Temperature is a parameter used in natural language processing models to increase or decrease the “confidence” a model has in its most likely response.

In my opinion, the most intuitive way of understanding how temperature affects model outputs is to play with it yourself. If you’re interested in the mathematical details, I’ve included them below, but I won’t be offended if you just want to play around with the slider 😃 .

Temperature (θ): 25.0

What’s going on?

Suppose we have a language model which predicts the last word in the sentence “The mouse ate the _____“. Given the previous words in the sentence and its prior training, our language model will try to fill in the blank with a reasonable final token. Suppose those raw outputs are as follows:

token logit
cat 3
cheese 70
pizza 40
cookie 65
fondue 55
banana 10
baguette 15
cake 12

These outputs make sense. A mouse probably eats cheese, but mice are also known to eat cookies. A mouse probably wouldn’t eat a baguette unless it was a French mouse.

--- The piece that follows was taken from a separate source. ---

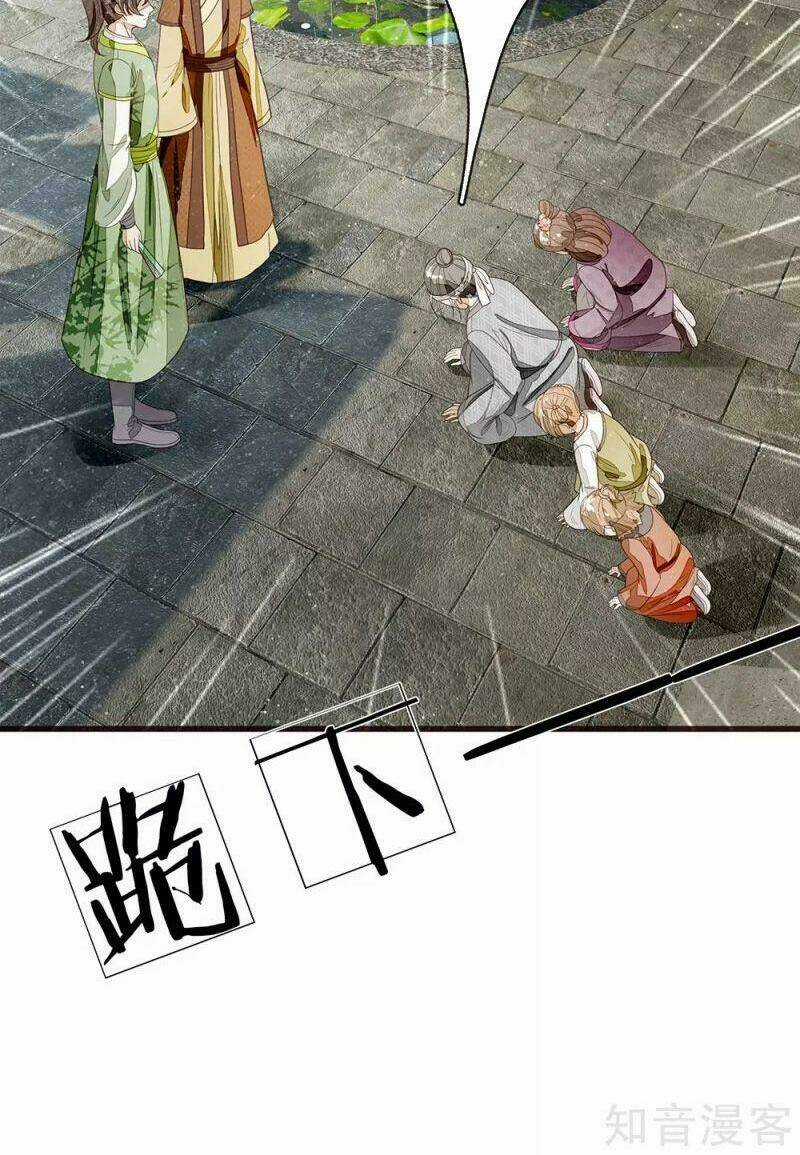 Đệ Nhất Hoàn Khố - Chapter 112 - Trang 29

Since these are the raw outputs of the model, they won’t sum to 100. To normalize these values, we typically use softmax:

$ σ(z_i) = {e^{z_i} \over \sum_{j=0}^N e^{z_j}} $

When modulating with temperature, we introduce an additional temperature variable θ which affects the softmax distribution. A higher temperature θ “excites” previously low probability outputs. A lower temperature θ lowers the smaller outputs relative to the largest outputs. To accomplish this, we replace each zi in the formula above with the quotient zi/θ:

$ σ(z_i) = {e^{z_i \over θ} \over \sum_{j=0}^N e^{z_j \over θ}} $

Higher temperatures make the model more “creative” which can be useful when generating prose, for example. Lower temperatures make the model more “confident” which can be useful in applications like question answering.